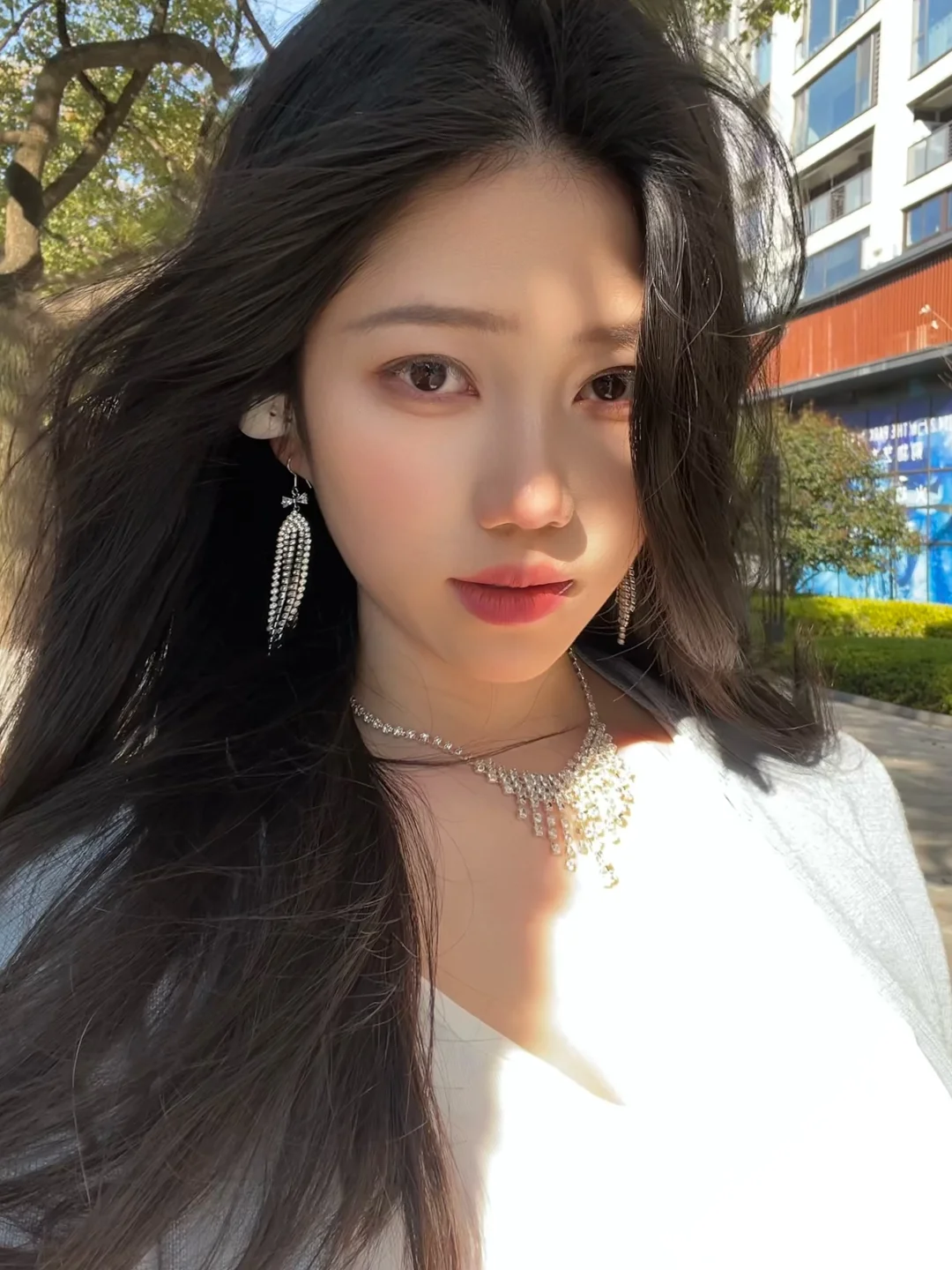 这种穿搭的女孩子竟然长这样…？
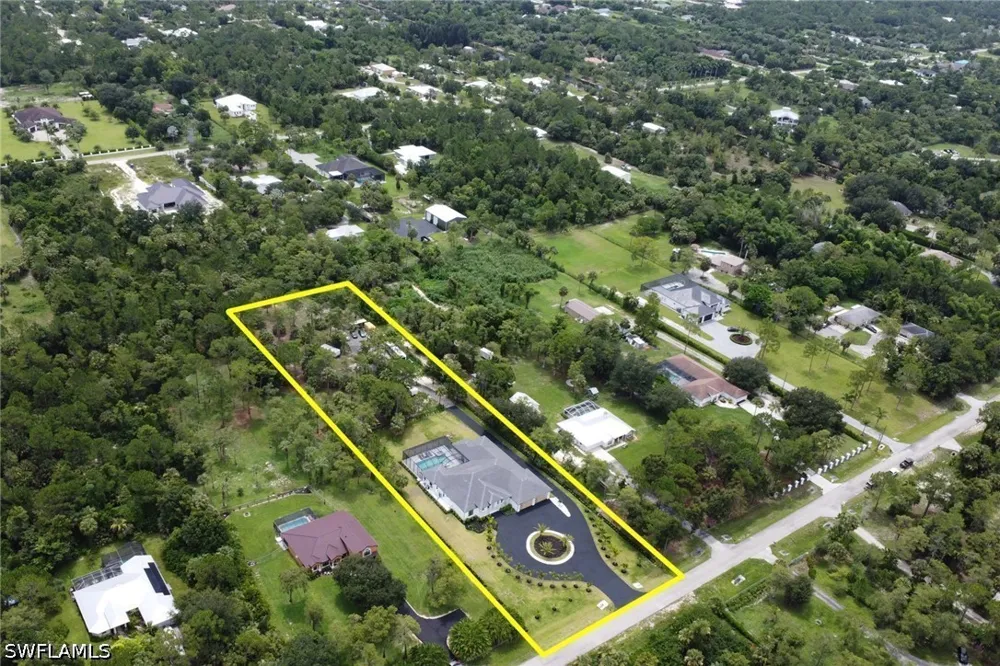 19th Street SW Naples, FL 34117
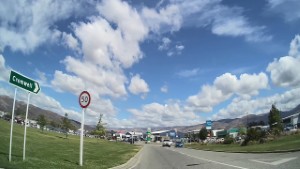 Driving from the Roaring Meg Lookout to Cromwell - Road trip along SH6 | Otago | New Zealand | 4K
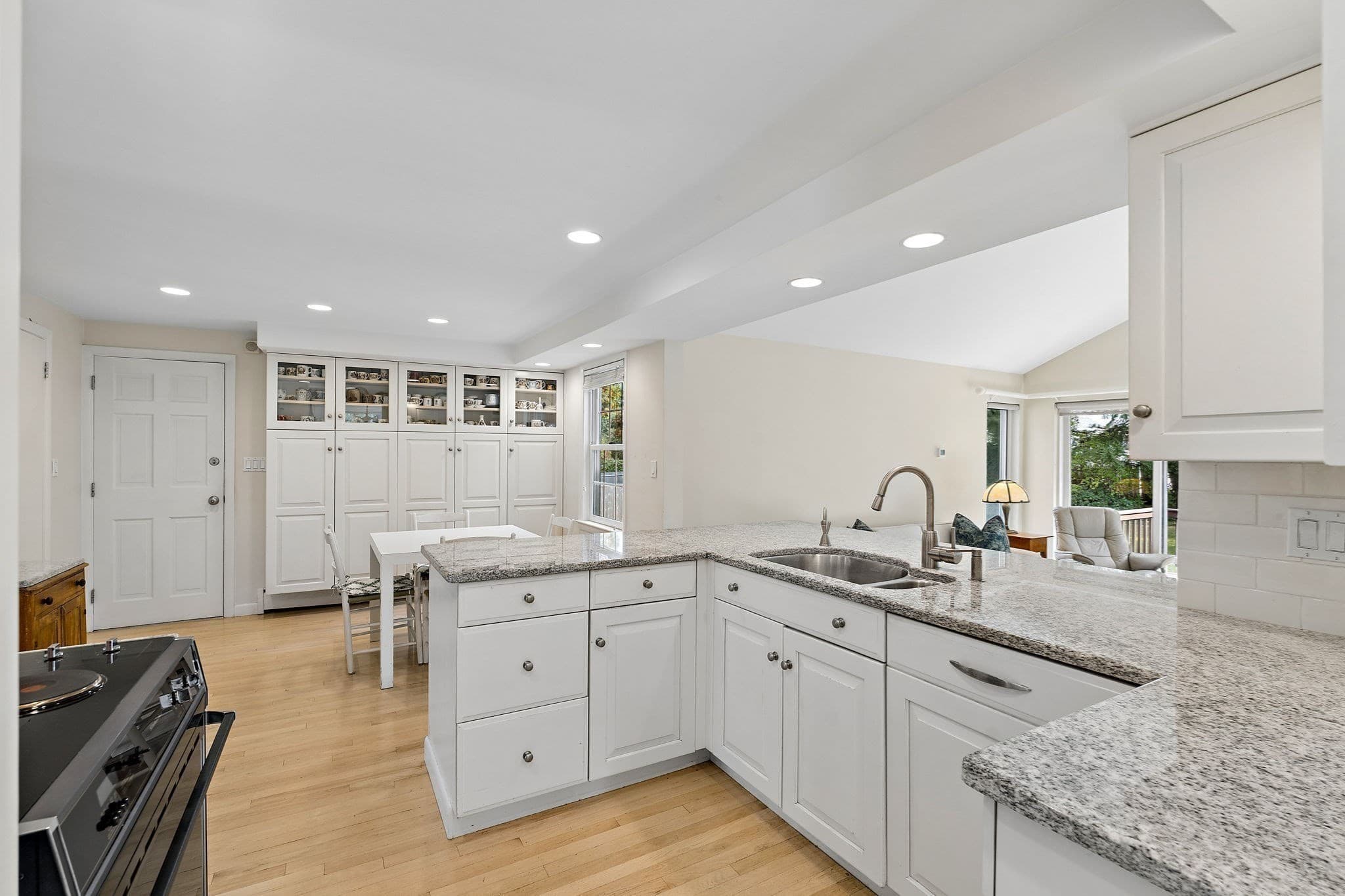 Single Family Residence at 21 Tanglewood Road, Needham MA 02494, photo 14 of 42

| Exercise |
Write out the material above exactly. Skip the pictures.

| Output for this task |
 这种穿搭的女孩子竟然长这样…？
 19th Street SW Naples, FL 34117
 Driving from the Roaring Meg Lookout to Cromwell - Road trip along SH6 | Otago | New Zealand | 4K
 Single Family Residence at 21 Tanglewood Road, Needham MA 02494, photo 14 of 42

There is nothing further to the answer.